What the exercise asks: The entries below should be written out again exactly as they stand.
#### Information supplied ####
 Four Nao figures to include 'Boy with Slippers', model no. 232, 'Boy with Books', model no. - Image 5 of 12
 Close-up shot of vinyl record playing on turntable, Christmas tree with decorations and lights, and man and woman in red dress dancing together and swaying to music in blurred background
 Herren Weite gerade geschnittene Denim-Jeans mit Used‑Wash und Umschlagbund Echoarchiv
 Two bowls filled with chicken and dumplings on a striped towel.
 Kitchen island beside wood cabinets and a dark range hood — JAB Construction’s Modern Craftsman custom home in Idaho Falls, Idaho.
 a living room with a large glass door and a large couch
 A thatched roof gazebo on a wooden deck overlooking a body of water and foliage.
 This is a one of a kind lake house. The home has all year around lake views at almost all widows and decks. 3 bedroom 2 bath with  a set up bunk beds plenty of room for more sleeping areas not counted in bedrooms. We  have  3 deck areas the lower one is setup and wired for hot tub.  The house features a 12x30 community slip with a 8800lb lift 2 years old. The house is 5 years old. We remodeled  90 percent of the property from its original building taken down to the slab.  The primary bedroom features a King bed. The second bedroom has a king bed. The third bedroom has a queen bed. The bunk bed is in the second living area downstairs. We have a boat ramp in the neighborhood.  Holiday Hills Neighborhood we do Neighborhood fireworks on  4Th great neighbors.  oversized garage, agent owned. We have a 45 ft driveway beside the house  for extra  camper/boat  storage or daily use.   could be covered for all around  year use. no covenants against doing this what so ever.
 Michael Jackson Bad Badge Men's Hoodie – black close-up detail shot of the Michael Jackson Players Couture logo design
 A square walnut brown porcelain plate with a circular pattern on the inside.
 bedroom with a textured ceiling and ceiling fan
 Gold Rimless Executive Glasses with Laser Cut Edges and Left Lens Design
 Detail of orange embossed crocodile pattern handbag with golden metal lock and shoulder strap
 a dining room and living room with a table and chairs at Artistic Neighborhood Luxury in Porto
####
Written response:
 Four Nao figures to include 'Boy with Slippers', model no. 232, 'Boy with Books', model no. - Image 5 of 12
 Close-up shot of vinyl record playing on turntable, Christmas tree with decorations and lights, and man and woman in red dress dancing together and swaying to music in blurred background
 Herren Weite gerade geschnittene Denim-Jeans mit Used‑Wash und Umschlagbund Echoarchiv
 Two bowls filled with chicken and dumplings on a striped towel.
 Kitchen island beside wood cabinets and a dark range hood — JAB Construction’s Modern Craftsman custom home in Idaho Falls, Idaho.
 a living room with a large glass door and a large couch
 A thatched roof gazebo on a wooden deck overlooking a body of water and foliage.
 This is a one of a kind lake house. The home has all year around lake views at almost all widows and decks. 3 bedroom 2 bath with  a set up bunk beds plenty of room for more sleeping areas not counted in bedrooms. We  have  3 deck areas the lower one is setup and wired for hot tub.  The house features a 12x30 community slip with a 8800lb lift 2 years old. The house is 5 years old. We remodeled  90 percent of the property from its original building taken down to the slab.  The primary bedroom features a King bed. The second bedroom has a king bed. The third bedroom has a queen bed. The bunk bed is in the second living area downstairs. We have a boat ramp in the neighborhood.  Holiday Hills Neighborhood we do Neighborhood fireworks on  4Th great neighbors.  oversized garage, agent owned. We have a 45 ft driveway beside the house  for extra  camper/boat  storage or daily use.   could be covered for all around  year use. no covenants against doing this what so ever.
 Michael Jackson Bad Badge Men's Hoodie – black close-up detail shot of the Michael Jackson Players Couture logo design
 A square walnut brown porcelain plate with a circular pattern on the inside.
 bedroom with a textured ceiling and ceiling fan
 Gold Rimless Executive Glasses with Laser Cut Edges and Left Lens Design
 Detail of orange embossed crocodile pattern handbag with golden metal lock and shoulder strap
 a dining room and living room with a table and chairs at Artistic Neighborhood Luxury in Porto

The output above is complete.